On 28 February 1975, he took part in the demonstration organized by MSI in Rome on the occasion of the trial for the so-called Primavalle fire: On 16 April 1973, militants from the extreme-left organization Potere Operaio (Workers' Power) had firebombed the home of Mario Mattei, MSI secretary for Primavalle. Although Mattei himself escaped without injuries, two of his six sons, Virgilio and Stefano, aged 22 and 8 respectively, died in the fire. The arsonists left a pamphlet on the pavement, signed "Tanas Brigade," that read "Class war - Death to the fascists - headquarters of the MSI - Mattei and Schiavoncino are hit by proletarian justice." (In a 2005 interview, Achille Lollo admitted his participation, alongside Marino Clavo and Manlio Grillo, all Potere Operaio members at the time, in the arson attack.)

The 1975 demonstration in Rome quickly turned violent with clashes breaking out between participants and leftist counter-demonstrators.
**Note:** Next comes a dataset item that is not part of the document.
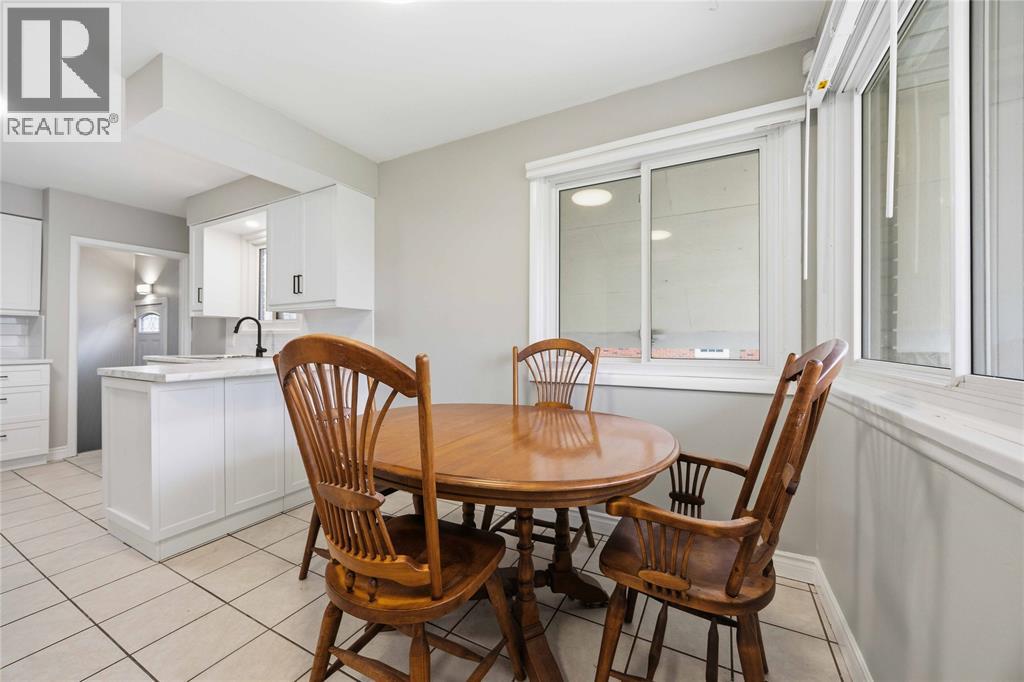 1010 MEIGHEN CRESCENT, Sarnia, Ontario, N7S1A8 — Photo 8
The violence culminated in the killing of a Greek student, Mikis Mantakas, a member of the Fronte universitario d'azione nazionale (University Front of National Action), the student organization of MSI. Mantakas was a friend of Anselmi and his killing arguably further radicalized Anselmi.

==Armed militancy==
In 1976, while attending a neofascist rally in Sezze during that year's general election campaign, Anselmi was involved in a fracas instigated by MSI deputy Sandro Saccucci that resulted in the death of Luigi Di Rosa, a young communist activist. The following year, according to neofascist terrorist Cristiano Fioravanti, he and his brother Valerio Fioravanti (a former child film star), along with Anselmi, Alessandro Alibrandi and others, established an informal armed group with the aim of striking back at "leftist aggression" and engaging in "revolutionary struggle." According to pentito terrorist Walter Sordi, the group, also including Stefano Tiraboschi, started its "revolutionary struggle" through bank robberies and assassination attempts. The first time the group used the name Armed Revolutionary Nuclei (Nuclei Armati Rivoluzionari, NAR) was on the occasion of the December 1977 firebombing of offices of political parties, two of the Christian Democrats and one of the Communists.

On 30 December 1977, they firebombed the entrance of Il Messaggero in via dei Serviti, while, on 4 January 1978, they entered the editorial office of Corriere della Sera, issued threats to the newspaper's employees, and threw Molotov cocktails, one of which, thrown by Anselmi, mistakenly hit the building superintendent who suffered extensive burns. On 28 February 1978, on the occasion of the third anniversary of the death of Mantakas, Anselmi participated, together with the Fioravanti brothers and others, in the assassination of Lotta Continua militant Roberto Scialabba in Don Bosco square. Cristiano Fioravanti would later report that Anselmi unloaded his entire magazine without hitting Scialabba.

==Death==
On 6 March 1978, NAR members raided the gunshop owned by the Centofanti brothers in the Monteverde area in Rome and took a number of weapons. Anselmi was the last to leave the shop because he was, according to subsequent witness reports, trying to disguise the robbery as being committed by drug addicts, asking for personal jewelry and money. As he was exiting the door, he was shot by Daniele "Danilo" Centofanti, dying instantly. Later the same month, NAR sent a flyer to an ANSA journalist in which they praised the "heroic life" of Anselmi and condemned Danilo Centofanti to death.

On 5 May 1987, in the annual award ceremony for "courageous actions" of Italian citizens, the President of the Republic bestowed the Silver Medal for Civil Valor to Danilo Centofanti for showing, during the 1978 robbery, "contempt of danger" and "civic sense."

In 2019, about a dozen sympathizers gave the fascist salute in a memorial ceremony at the place where 41 years before Anselmi had been killed. The event drew criticism from media and anti-fascist organizations.